Chirality-induced spin current through spiral magnets

Spin-polarized current through helimagnets and the conductance modulation due to the chirality mismatch are studied numerically. The one-dimensional spiral magnet structure is obtained by taking into account the Dzyaloshinskii-Moriya interaction and the ferromagnetic interaction. Although the spiral magnetic structure consists of the $y\text{−}z$ components of the magnetization, the conduction electron through the spiral magnet is polarized in the $x$ direction, and its sign depends on the chirality of the spiral structure. We also investigate charge transport through the junction system consisting of two helimagnets. Similar to the giant magnetoresistance in the uniform ferromagnet, the conductance is reduced significantly by attaching the helimagnets with different chiralities. It is possible that our proposed mechanism can make use of the chirality measuring method by using electron transport and an alternative type of magnetoresistance using a topological property.

Figure 1

Schematic view of the helimagnet. (a) Left-handed system.
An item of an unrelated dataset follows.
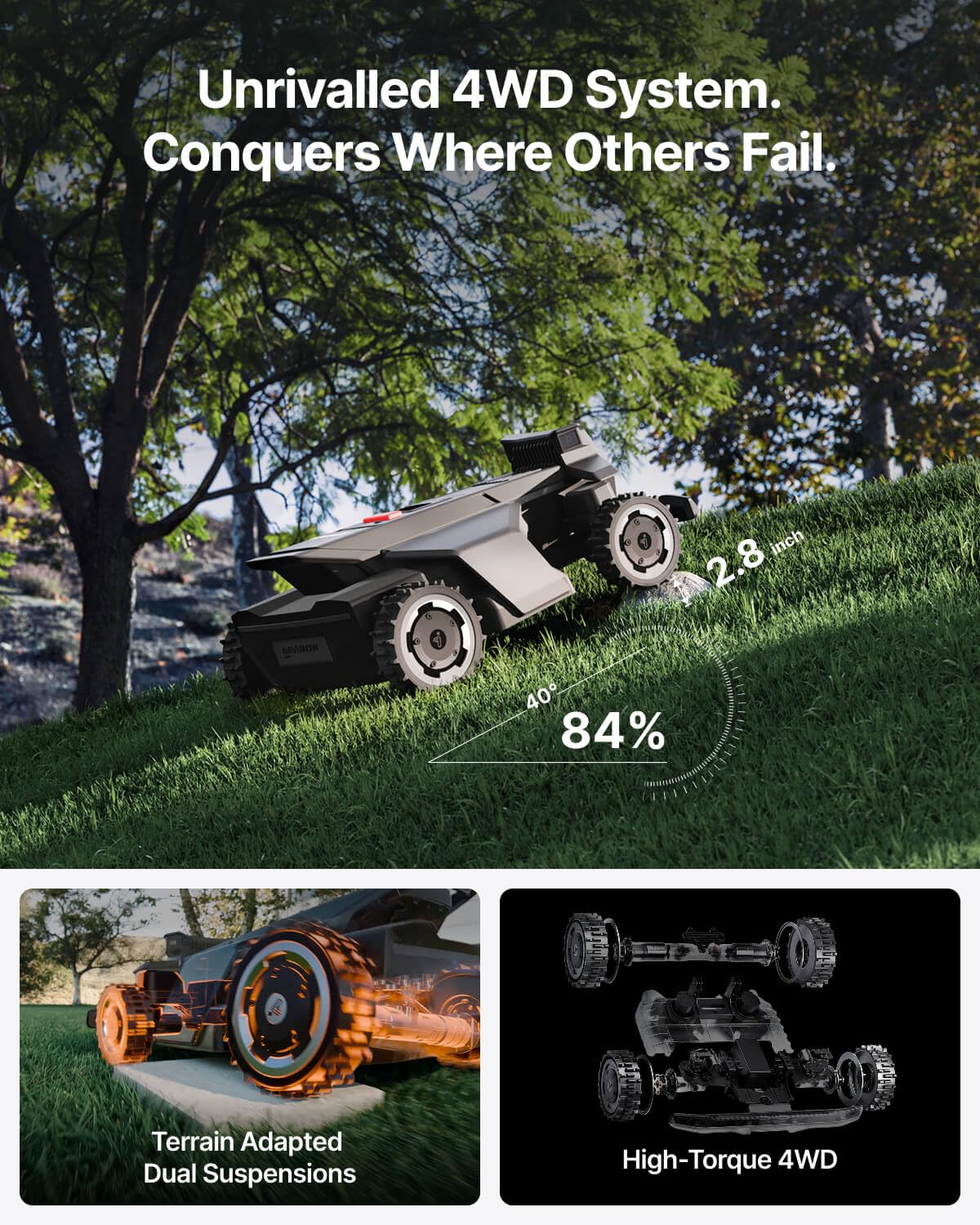 Segway Navimow X430 Robot Lawn Mower Wire Free with Garage X, 4WD for 84% Slopes, Zero-Turn Mowing, Dual 180W Motors, Covers 1 Acre (Garage Shipped Separately)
The chirality ($\lambda ={[\vec{M}\left(\vec{r}\right)\times \vec{M}(\vec{r}+\vec{x})]}_x$) is negative. (b) Right-handed system $(\lambda >0)$. The spatial period of the spiral structure is determined by the ratio between the strength of the DMI and the strength of the FM. For calculating transport properties, the conduction electrons propagate in the $x$ direction.

Figure 2

The spin polarization of the conduction electron $\left(P_x\right)$ through the helimagnet. $E_{\mathrm{F}}$ is the Fermi energy of the conduction electrons. For the positive value of the DMI, the helimagnet forms the right-handed system in the $y\text{−}z$ plane. The sign of $P_x$ is determined by the chirality of the helimagnet.

Figure 3

Wave-packet dynamics through the helimagnet. (a) The initial state ($t=0$) of the wave packet. (b) The wave packet at $t=100t_0$, where $t_0(=\hslash /V_0\sim 0.028$ ps) is the unit time of the calculation.

Figure 4

(a) Schematic view of the junction system. (b),(c) The conductance modulation $G_{\mathrm{RR}}-G_{\mathrm{RL}}$ by changing the chirality of the helimagnet in the junction system. The angle at the interface of the junction system is (a) $\theta =0$ and (b) $\theta =\pi$.

Figure 5

Wave-packet dynamics through the junction system at $t=100t_0$. The initial state is the same as that in Fig. 3. The wave packet is reflected at the interface of the junction system RHS/LHS.